Two Months After Acquisition, Mailbox Launches Its Email Management App For The iPad

Sometimes, when a truly innovative startup is acquired by a larger company, innovation slows to a crawl. And other times, when an acquisition happens, a company gets the backup and investment it needs to keep on innovating. It seems like that latter case is true for Mailbox, which, two months after being acquired by Dropbox, is now ready to release its iPad app to the world.

Mailbox has been working on the app since well before the acquisition, testing out various form factors and iterations in an effort to get it just right. In a video interview last week, Mailbox founder Gentry Underwood showed us the app, explaining how the company reformatted its features specifically for the larger screen of the iPad. For one thing, the app works only in landscape mode, with a list of messages that have yet to be read on the left-hand side, and a preview pane so that users can read emails in full on the right.

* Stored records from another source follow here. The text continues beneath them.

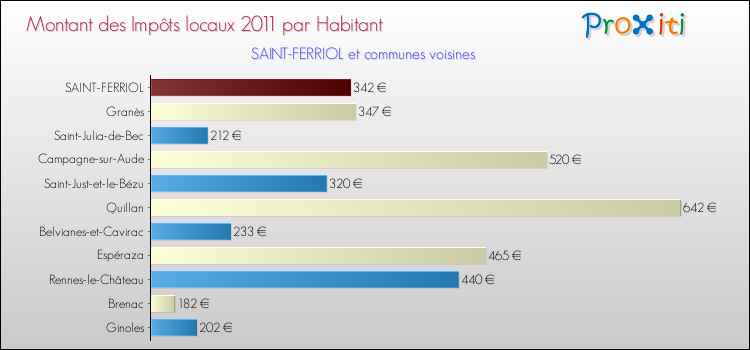 Montant des impôts locaux par Habitant pour SAINT-FERRIOL et les communes proches Comparaison des impôts locaux par habitant pour SAINT-FERRIOL et les communes voisines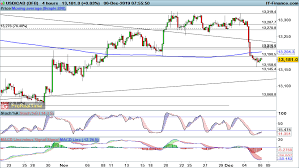 Eur Usd Gbp Usd And Usd Cad See Dollar Weakness Levels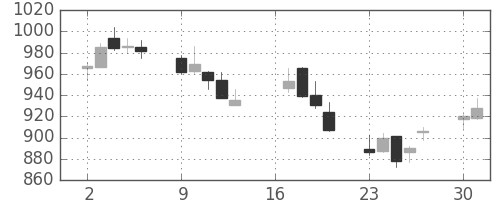 洋缶ＨＤの日足チャート(2012年7月)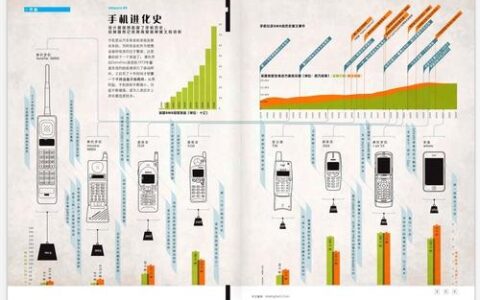 手机：从砖头到魔法棒的神奇进化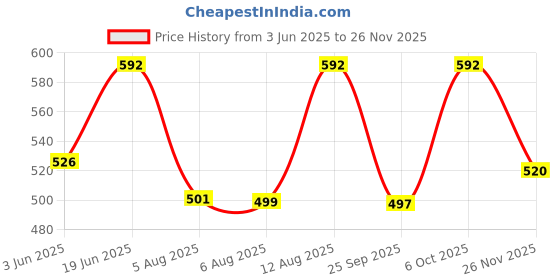 amazon.in carriz Travel Backpack - Casual Backpack for Men and Women, Ideal for Students and Professionals, Office and College Use - Water-Resistant Fabric, Mesh Padded shoulder straps and Back Panel. carriz Price History Graph from 3 Jun 2025 to 26 Nov 2025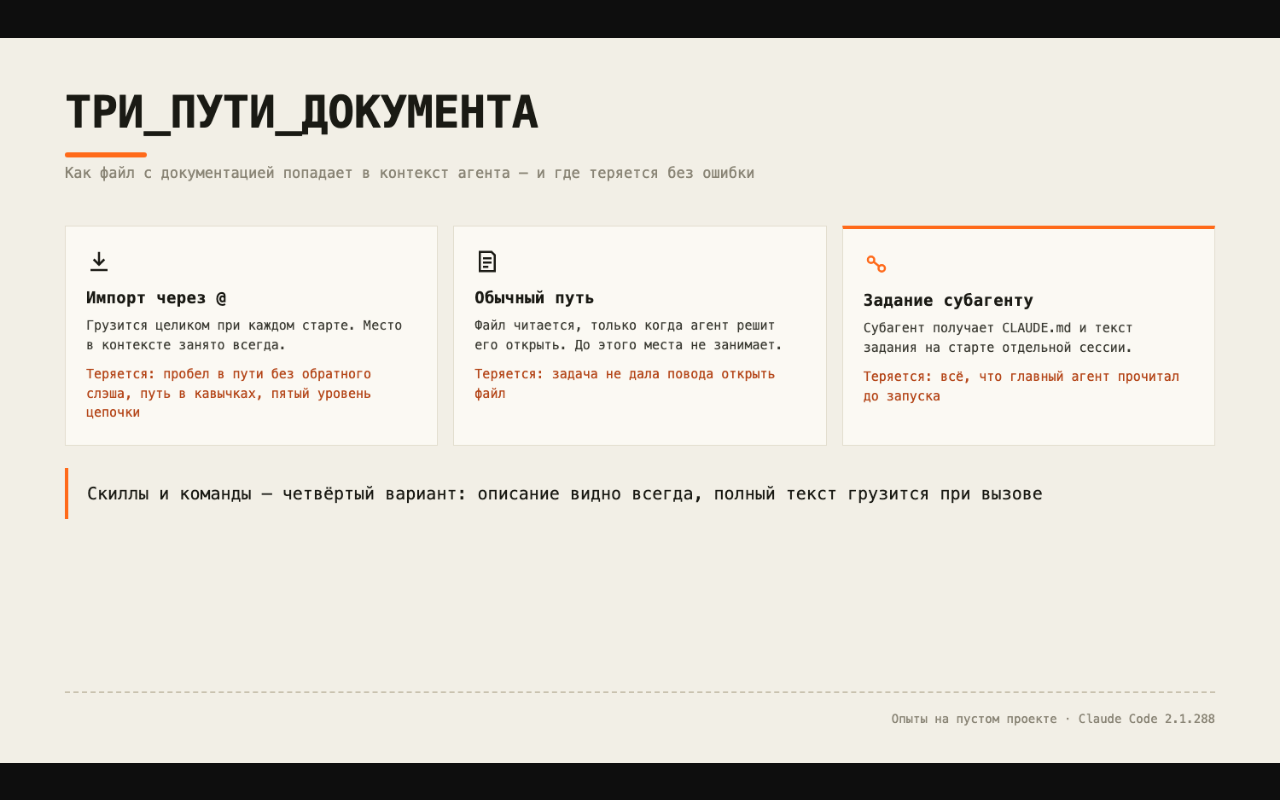 Схема показывает три способа загрузки документа и места, где он может потеряться.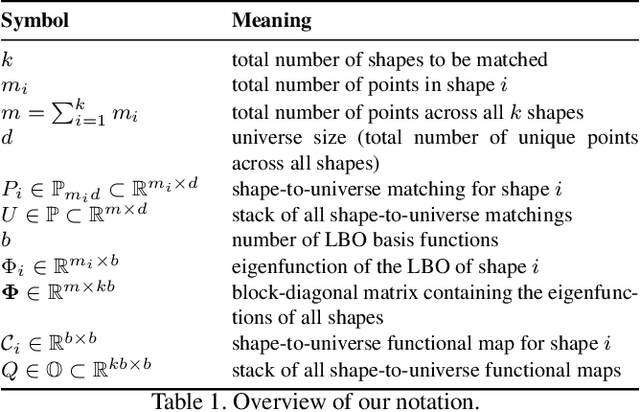 Figure 1 for Isometric Multi-Shape Matching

“The iPad is an interesting design challenge,” Underwood told me. “It sits halfway between a mobile device and a laptop. Sometimes we use them like luxuriously large phones and other times we use them almost as laptop replacements.” As a result, that changes what people do with their email client.

“Our goal was to create an experience that was as fast and fluid for processing mail as you might do on a phone — so very quickly being able to go through and triage your messages like you can on Mailbox for iPhone,” he said. “But also, leaving enough real estate for those times when you might have a keyboard up… and you’re actually trying to use your iPad as you might use a laptop to actually get through messages in a more intentional way.”

The goal for Mailbox was to try to find a marriage between those situations that satisfied both conditions. To do that, Mailbox took advantage of the greater screen real estate to give users a greater view into the mail that they had to get through. It starts with landscape mode, which brings in both the ability to see which messages you have yet to read through, while also being able to view entire emails at once.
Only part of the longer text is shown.